A couple of weeks ago the Pasold Research Fund held its annual conference. This year’s event marked the fiftieth anniversary of the Pasold’s journal, Textile History, and was a chance to reflect on how the discipline of textile history has changed and developed over the last few decades. The conference was made up of two panels of short papers, with extended time for questions and discussion. The first panel examined some of the main approaches or ideas that have been examined in textile history, as both a journal and a field. Mary Brooks looked at the inclusion of works on textile conservation in the journal, Philip Sykas at the issue of design, Miki Sugihura at the notion of value, and Beverly Lemire at the journal’s intersection with material culture studies. The second panel was on new directions in textile history, and featured PhD students and ECRs giving introductions to their research.

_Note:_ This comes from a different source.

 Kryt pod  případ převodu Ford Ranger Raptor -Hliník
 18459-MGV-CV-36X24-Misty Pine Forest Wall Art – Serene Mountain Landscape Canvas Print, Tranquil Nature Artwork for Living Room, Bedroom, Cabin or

I presented on men’s fashion news in early modern Europe, Rudy Jos Beerens discussed seventeenth-century tapestry production from a socio-economic angle, Rosanne Waine looked at the revival of Highland dress in the late eighteenth and nineteenth centuries, Jo Tierney talked about the design and trade of British textiles to West Africa, and Magali An Berthon examined silk weaving in contemporary Cambodia.
One thing the conference showed was just how interdisciplinary the field of textile history is. The speakers and audience came from a variety of different backgrounds and disciplines, including: social and cultural history, design history, economic history, conservation, and practice-based research. There were people there who teach in history departments, who are based in fashion and art schools, and who work in museums. However it was emphasised in the discussions that this interdisciplinarity didn’t occur naturally and shouldn’t be taken for granted – it was something that the journal actively worked on developing. One thing I really liked that Beverly Lemire said is that textiles take scholars in a variety of different directions, and Textile History narrates those journeys.
The ‘material turn’ was one of the topics that received a great deal of attention during the conference, although many attendees pointed out that they dislike this way of referring to the rise of material culture in recent historiography, as a ‘turn’ implies something that can be reversed. When it was asked whether the ‘material turn’ has really affected textile studies – with the assumption being that such a topic of inquiry naturally encourages a material approach or the study of objects – it was pointed out that things could so easily have gone the other way, with the journal Fashion Theory, which takes a much more theoretical approach to the study of dress and textiles, being a case in point. Lemire argued that Textile History had played an important role in building bridges between museums and academia, and she highlighted the inclusion of Object Lessons in the journal for providing a space in which materiality could be more readily incorporated and addressed.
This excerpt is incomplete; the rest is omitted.